- Born: Antonija Thaler 20 December 1914 Železniki, Austria-Hungary (now Slovenia)
- Died: 2014 (aged 99–100)
- Occupations: bobbin-lace maker, lace-making teacher, draughtswoman, designer

= Antonija Thaler =

Slovenian bobbin-lace maker, draughtswoman and designer (1914–2014)

Antonija Thaler, also known as Toni Thaler, (20 December 1914 – December 2014) was a Slovenian bobbin lace maker, draughtswoman and designer. Lace after her designs is still made.

== Childhood and education ==
She was born on 20 December 1914 in Železniki to a Slovenian family. Her mother was the innkeeper Antonija Košmelj, and her father was the innkeeper Gabrijel Thaler. As a child she attended the local primary school as well as the lace-making school in Železniki, where her teacher was Marija Pivk Kosem. After completing primary school, she enrolled in the Ursuline girls’ school in Škofja Loka. There she learned needlework and drawing in addition to other subjects. She later continued her education in the department of artistic embroidery at the State Women's Craft School (DOZ) in Ljubljana. Her drawing teacher there was the painter and composer Saša Šantel, brother of painter Henrika Šantel. She completed her studies at the craft school in 1932 with a master's examination qualifying her as a gold–silver–pearl embroiderer.

== Work ==
After finishing craft school she wished to study at the School of Applied Arts in Vienna. From her former schoolmate from DOZ Neli Niklsbacher Bregar, who studied there, she learned that admission required one year of work experience, so she took a position in the embroidery department of the DOZ. Because of the illness of a colleague, she soon obtained work as assistant to the designer and pattern draughtswoman Marija Reven. Marija Reven soon discovered that Antonija Thaler could make lace and had talent for drawing. She transferred her from the embroidery to the lace department, enrolled her in an advanced lace-making course, and taught her privately as well. Thus, Antonija Thaler shifted from embroidery to bobbin lace. Because of the economic crisis she could not continue her studies in Vienna, so she remained at the DOZ. In 1933, when Marija Reven left the DOZ, Antonija Thaler assumed her position of designer and draftswoman. While working as an apprentice at the DOZ, she completed the professional examination for craft-school teachers, but continued to work as a designer at the DOZ. She collaborated closely with her colleague Neža Pelhan Klemenčič, a former classmate from craft school. They created many designs and often served together on juries evaluating lace in competitions. In 1937 they both participated in the International Exhibition of Art and Industry in Paris, representing the DOZ, and each received an honorary diploma bearing her name.
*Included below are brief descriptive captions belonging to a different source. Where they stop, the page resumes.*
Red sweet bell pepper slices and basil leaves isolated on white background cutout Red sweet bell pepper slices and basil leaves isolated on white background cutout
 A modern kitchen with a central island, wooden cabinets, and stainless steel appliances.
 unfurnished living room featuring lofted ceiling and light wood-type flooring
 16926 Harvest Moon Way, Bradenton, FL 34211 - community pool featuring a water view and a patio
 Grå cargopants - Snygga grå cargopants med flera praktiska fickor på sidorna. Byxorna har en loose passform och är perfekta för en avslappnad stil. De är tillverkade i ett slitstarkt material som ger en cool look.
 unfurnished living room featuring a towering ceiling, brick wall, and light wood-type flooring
In 1946 the State Central Institute for Women's Domestic Crafts was reorganised as the State School for Women's Domestic Crafts, directed by Neli Niklsbacher Bregar. Antonija Thaler became a specialist teacher at the institute. Instruction in lace-making initially followed old Austrian curricula, but that same year Antonija Thaler and Neža Pelhan Klemenčič wrote a new one.

In 1949 she was transferred to the design-technical department of the State Sales Institute for Domestic and Applied Crafts in Ljubljana (DOM Ljubljana), where she worked as a pattern designer until 1955. Neža Pelhan Klemenčič was also transferred there, and the two continued to collaborate. Their most productive years were between 1952 and 1955, when they were granted considerable artistic freedom.

During this period the craft school in Ljubljana was reopened, and Antonija Thaler taught there, initially as a contractor and later as a permanent teacher, until her retirement in 1968.

== Later life and death ==
After her retirement she continued to cooperate occasionally with DOM Ljubljana, assembling lace into finished products and serving on juries evaluating lacework. She also worked with lace makers in her native Železniki. She died in December 2014.

== Artistic style ==
Her patterns are similar to graphic art. She drew them freehand, using only templates, curve rulers, and straightedges. Common motifs include flowers, especially carnations, and also spider-web structures and "brain-pattern" designs. Many of her patterns were created for bobbin lace in blind and twisted tape techniques, They were sold on the Italian market. She also designed wide tape patterns with picot finishes, which were required by the German market. Some of her patterns were published in the catalogue Slovenske ročno klekljane čipke (Slovenian Hand-made Bobbin Lace), issued by DOM Ljubljana in 1952. Many of her designs are preserved in the City Museum of Ljubljana.